> [Try it]:
What are the lines below, starting at the line containing "가마솥 두마리 치킨 |" and ending at the line containing "KF-74720-120721-cMahramzadeh"? Write them out exactly, ends included, without pictures.

> [Brief descriptive captions]:
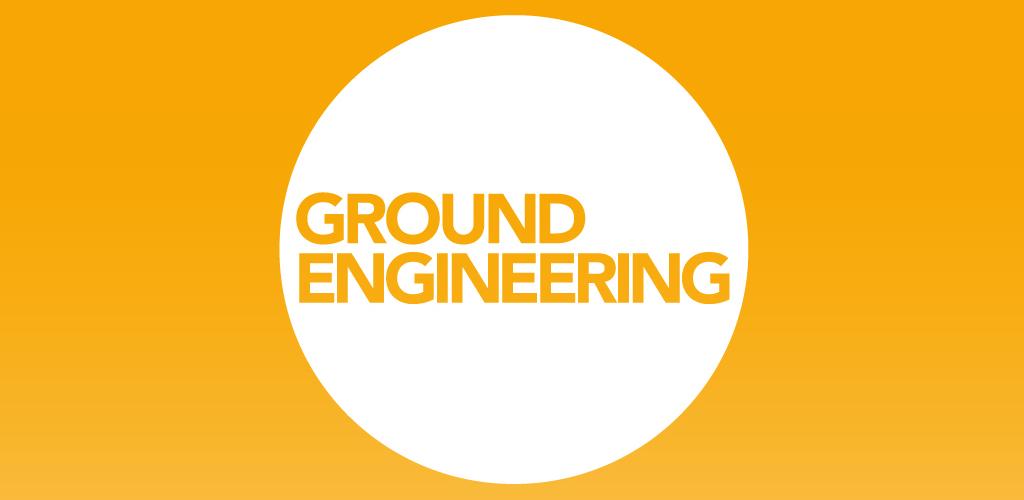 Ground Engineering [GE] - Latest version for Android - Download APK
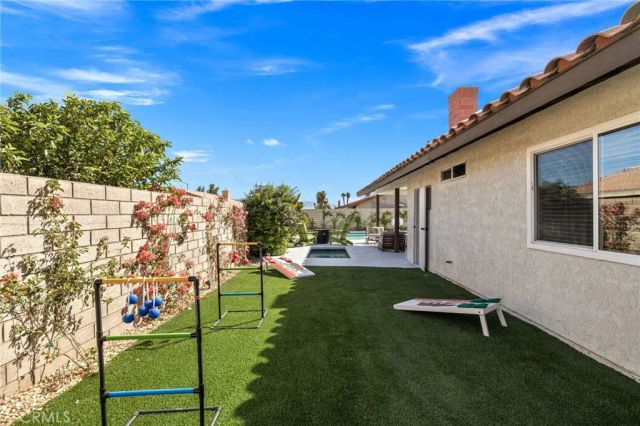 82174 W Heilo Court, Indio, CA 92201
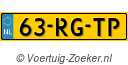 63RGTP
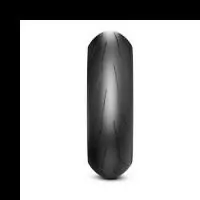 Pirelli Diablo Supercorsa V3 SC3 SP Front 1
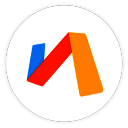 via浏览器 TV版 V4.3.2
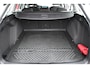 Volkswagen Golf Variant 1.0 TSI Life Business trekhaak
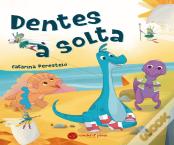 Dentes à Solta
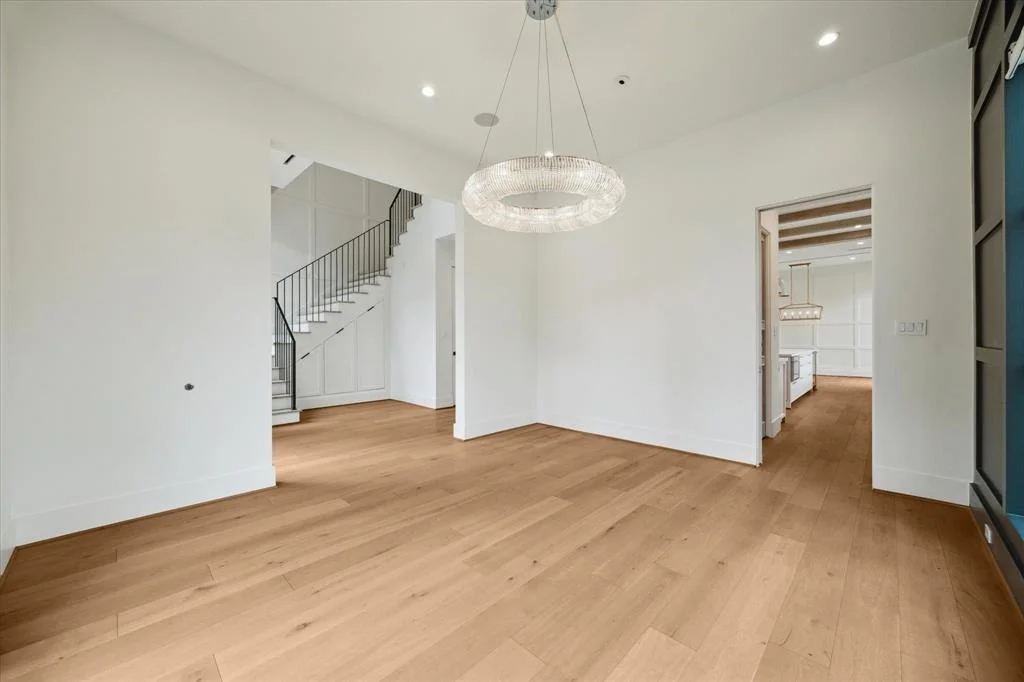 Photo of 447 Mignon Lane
==
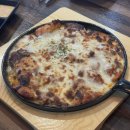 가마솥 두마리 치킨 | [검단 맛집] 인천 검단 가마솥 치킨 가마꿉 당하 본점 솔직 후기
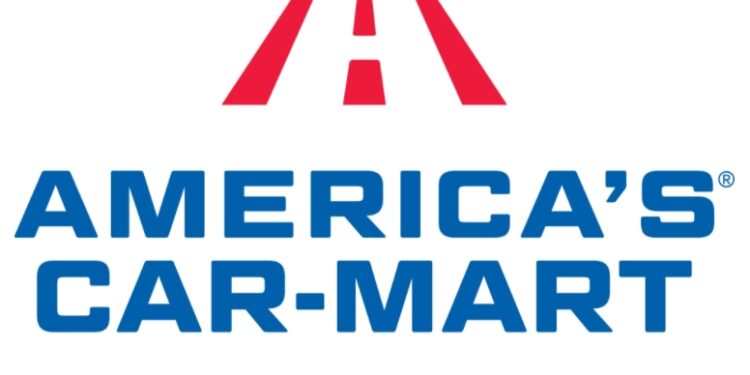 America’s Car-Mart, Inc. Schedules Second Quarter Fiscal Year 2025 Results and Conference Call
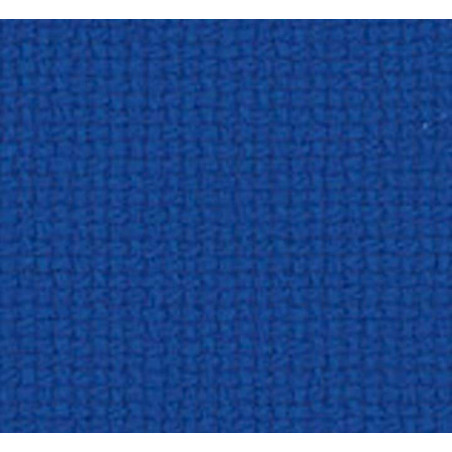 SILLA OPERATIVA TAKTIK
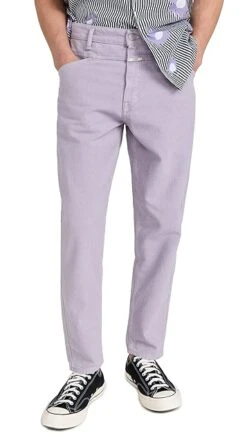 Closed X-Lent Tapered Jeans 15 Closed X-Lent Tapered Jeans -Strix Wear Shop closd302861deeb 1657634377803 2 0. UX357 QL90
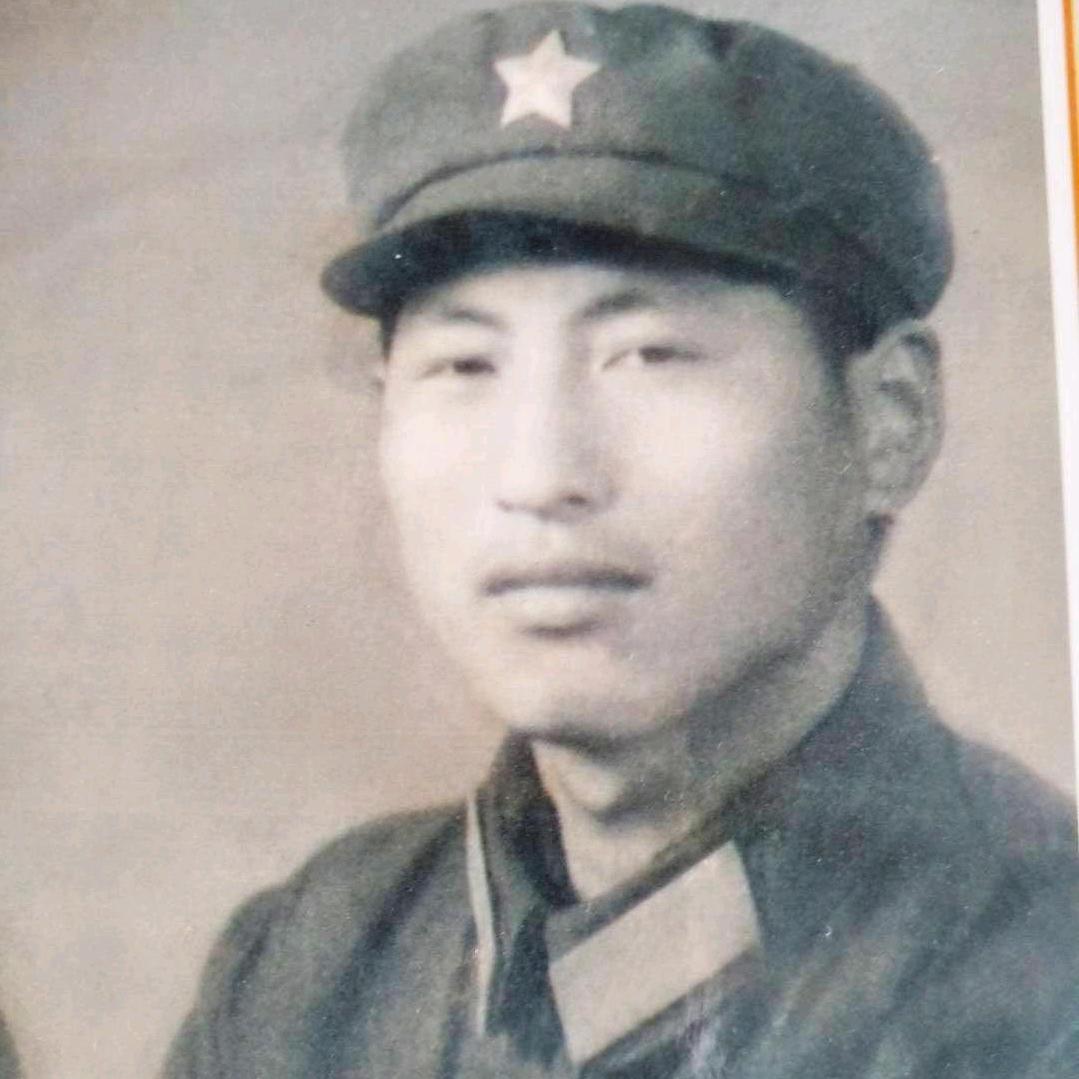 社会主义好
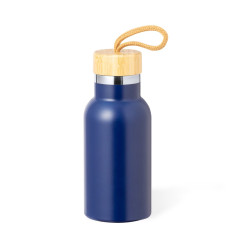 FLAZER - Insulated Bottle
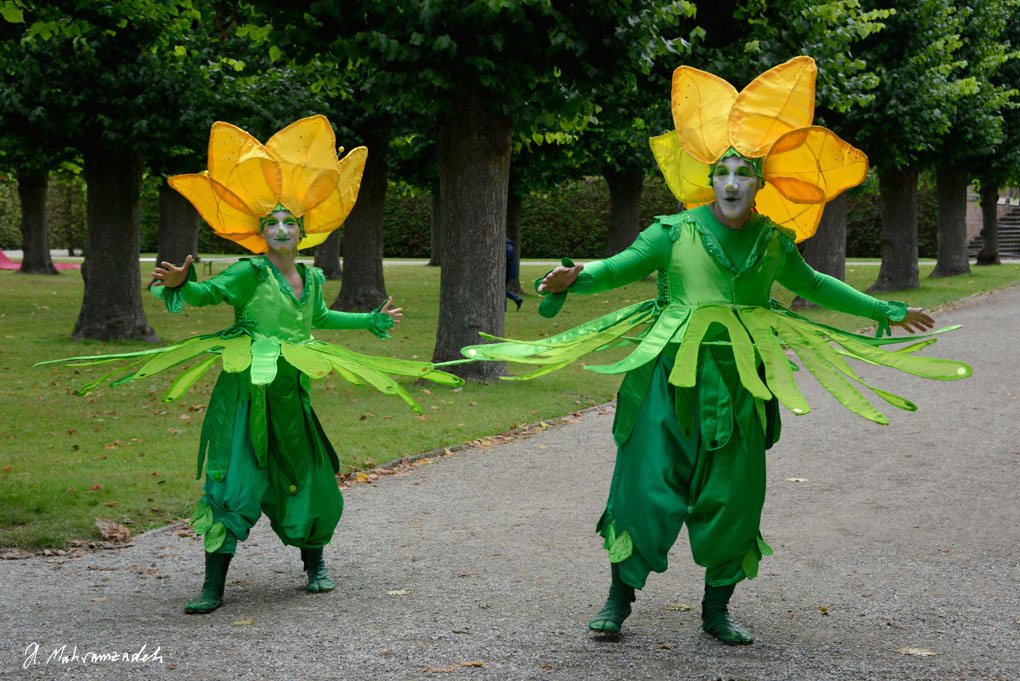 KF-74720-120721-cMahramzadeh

> [Result of this exercise]:
 가마솥 두마리 치킨 | [검단 맛집] 인천 검단 가마솥 치킨 가마꿉 당하 본점 솔직 후기
 America’s Car-Mart, Inc. Schedules Second Quarter Fiscal Year 2025 Results and Conference Call
 SILLA OPERATIVA TAKTIK
 Closed X-Lent Tapered Jeans 15 Closed X-Lent Tapered Jeans -Strix Wear Shop closd302861deeb 1657634377803 2 0. UX357 QL90
 社会主义好
 FLAZER - Insulated Bottle
 KF-74720-120721-cMahramzadeh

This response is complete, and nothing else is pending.